Motivation: Why is this relevant? Describe the application, use case, and real-world implications. What aspect are you focusing on, and why is it worth researching?
Project summary: How will you address the problem? Outline your approach, success metrics (e.g., latency, throughput, cost), what you plan to build, and the measurements you’ll take. A high-level overview is fine at this stage
Relevant work/baselines: What prior work, systems, or algorithms exist? Summarize their contributions, limitations, and assumptions. Explain why further exploration is needed. If you’ll build on these systems, note that (especially if open-source)
Datasets/benchmarks: What datasets will you use? If known, describe them. Otherwise, specify the type of data you’ll need
Resources: What resources will you use (e.g., cloud, laptop, university servers)? This helps staff support your project
Timeline: Propose a semester-long outline. It can evolve, but should give a clear roadmap (especially past the midterm)
Open questions: List any uncertainties or challenges you haven’t resolved.

Presentation: You will prepare an 8-10 minute overview about your project, covering the sections above. Make sure to include the open questions for discussion and feedback

Midterm (Week 10)

The midterm check-in is a presentation to share early results, demonstrate progress, get feedback, and receive help if you’re stuck.
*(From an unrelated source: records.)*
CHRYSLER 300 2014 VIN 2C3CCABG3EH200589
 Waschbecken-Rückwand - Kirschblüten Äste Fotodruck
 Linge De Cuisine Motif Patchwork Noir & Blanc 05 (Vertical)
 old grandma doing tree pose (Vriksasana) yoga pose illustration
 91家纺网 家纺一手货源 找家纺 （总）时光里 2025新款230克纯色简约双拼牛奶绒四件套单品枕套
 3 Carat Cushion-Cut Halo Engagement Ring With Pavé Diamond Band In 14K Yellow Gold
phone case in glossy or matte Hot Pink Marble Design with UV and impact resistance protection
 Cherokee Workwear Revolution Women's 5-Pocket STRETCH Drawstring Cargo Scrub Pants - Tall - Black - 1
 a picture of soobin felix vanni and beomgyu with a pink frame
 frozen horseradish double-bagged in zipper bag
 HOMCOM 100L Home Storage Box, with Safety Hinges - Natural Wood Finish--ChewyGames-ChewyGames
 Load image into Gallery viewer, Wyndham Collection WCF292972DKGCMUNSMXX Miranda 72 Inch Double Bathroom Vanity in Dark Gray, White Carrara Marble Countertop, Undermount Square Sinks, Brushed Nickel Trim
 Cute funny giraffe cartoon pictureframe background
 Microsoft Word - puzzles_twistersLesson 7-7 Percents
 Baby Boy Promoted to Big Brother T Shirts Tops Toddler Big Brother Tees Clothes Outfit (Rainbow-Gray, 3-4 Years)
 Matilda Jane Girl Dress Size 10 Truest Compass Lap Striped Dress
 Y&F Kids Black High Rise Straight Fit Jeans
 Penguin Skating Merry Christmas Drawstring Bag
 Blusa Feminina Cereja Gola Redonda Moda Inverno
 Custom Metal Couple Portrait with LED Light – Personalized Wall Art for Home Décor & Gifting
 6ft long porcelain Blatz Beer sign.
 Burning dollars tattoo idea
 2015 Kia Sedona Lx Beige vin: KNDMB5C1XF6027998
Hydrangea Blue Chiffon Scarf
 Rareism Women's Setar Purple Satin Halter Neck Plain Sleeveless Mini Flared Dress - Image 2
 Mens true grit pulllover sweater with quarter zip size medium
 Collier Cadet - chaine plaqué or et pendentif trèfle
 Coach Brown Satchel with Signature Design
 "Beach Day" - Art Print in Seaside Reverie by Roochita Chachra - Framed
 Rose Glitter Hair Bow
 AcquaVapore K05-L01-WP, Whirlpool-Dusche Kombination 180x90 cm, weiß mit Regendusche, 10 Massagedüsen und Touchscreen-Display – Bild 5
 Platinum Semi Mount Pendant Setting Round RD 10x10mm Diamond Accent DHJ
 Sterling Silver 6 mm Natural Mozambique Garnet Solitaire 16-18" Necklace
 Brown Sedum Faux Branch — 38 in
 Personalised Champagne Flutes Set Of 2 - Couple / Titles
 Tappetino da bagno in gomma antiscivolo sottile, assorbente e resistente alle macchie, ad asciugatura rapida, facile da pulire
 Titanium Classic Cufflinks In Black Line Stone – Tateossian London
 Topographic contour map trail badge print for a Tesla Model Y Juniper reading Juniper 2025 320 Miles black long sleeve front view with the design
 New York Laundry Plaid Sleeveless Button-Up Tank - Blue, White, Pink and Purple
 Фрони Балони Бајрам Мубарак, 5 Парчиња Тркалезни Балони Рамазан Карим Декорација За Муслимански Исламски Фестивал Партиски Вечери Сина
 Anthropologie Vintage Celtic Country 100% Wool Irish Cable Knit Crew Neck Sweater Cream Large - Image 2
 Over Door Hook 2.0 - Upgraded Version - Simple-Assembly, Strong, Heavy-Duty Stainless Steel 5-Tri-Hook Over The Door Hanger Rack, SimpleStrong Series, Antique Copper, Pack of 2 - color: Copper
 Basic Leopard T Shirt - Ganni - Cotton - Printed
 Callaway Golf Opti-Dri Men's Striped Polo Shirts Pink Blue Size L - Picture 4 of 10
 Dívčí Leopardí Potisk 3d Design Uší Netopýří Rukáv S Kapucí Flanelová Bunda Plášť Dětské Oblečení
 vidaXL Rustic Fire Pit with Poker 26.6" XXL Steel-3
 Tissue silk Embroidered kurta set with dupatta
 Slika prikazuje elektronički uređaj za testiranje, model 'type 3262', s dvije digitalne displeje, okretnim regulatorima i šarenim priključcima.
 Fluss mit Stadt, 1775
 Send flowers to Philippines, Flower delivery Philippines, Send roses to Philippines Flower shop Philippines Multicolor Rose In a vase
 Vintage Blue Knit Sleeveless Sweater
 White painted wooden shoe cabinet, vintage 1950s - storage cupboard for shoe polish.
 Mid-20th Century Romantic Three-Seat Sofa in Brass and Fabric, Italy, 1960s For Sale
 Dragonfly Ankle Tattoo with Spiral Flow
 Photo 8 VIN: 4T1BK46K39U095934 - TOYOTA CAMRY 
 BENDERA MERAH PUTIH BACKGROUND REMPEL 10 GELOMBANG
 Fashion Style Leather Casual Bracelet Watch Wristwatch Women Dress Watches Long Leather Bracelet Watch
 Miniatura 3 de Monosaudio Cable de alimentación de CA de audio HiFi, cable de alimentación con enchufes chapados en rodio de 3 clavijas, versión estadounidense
Your 8-10 minute presentation should include the following:

Recap: Briefly remind the audience of your project and what problem you’re tackling
Approach overview: Describe what you’ve done so far-what’s worked, what hasn’t, and any key insights (especially counter-intuitive ones). Spend most of your time here, including any challenges or roadblocks
Next steps/timeline: Overview what remains to be done. Update your original timeline if needed
Open questions: Highlight areas where you’d like feedback or assistance. Questions we don’t get to can be addressed offline (either through office hours or by appointment)

Final (Weeks 14 and 15)

Report and Presentation

Report: Your final report should be written as a conference research paper. Please use the double-column ACM paper template linked below (either in Word or Latex) as a template. It should be 5-6 pages (not including references or division of work attestation). While the exact structure is not fixed, it should include the following:

Introduction: Problem you’re trying to solve, the challenges, why existing solutions are insufficient, and an overview of your solution
Background: Any relevant background the reader should be familiar with. It can also be a deeper dive into the motivation
Design/architecture: This may span multiple sections, but should cover your solution and corresponding insights. If you tried multiple options and some didn’t work, discuss them as well!
Evaluation: your results. Please make all graph text legible without significant effort (e.g., needing 10x zoom). Similar to Design/architecture, it’s encouraged to show and discuss “bad” or “suboptimal” results!
- Note: results should be explained and discussed beyond just “here are the numbers.” For bad/suboptimal results, discuss where you think you can improve or why they turned out as such
Relevant work: An overview of the relevant work in this space, and how your solution differs
Future work/limitations: Discuss known limitations of your work, as well as potential future directions to explore. If relevant, also discuss what new avenues of work are enabled by your work (e.g., a benchmark suite to develop new types of systems for video analysis)
- Note: this section is not optional: we want you to think about how someone can expand on your work, or what you might explore if given more time
Conclusion: A summary of the problem, your solution, and the evaluation
Division of work attestation: Explain the division of work among project members. This includes: dataset gathering, infrastructure setup, software development, presentation preparation, and proposal/final report writing. Describe any use of generative AI for your project here. Please refer to the course policy on the use of generative AI.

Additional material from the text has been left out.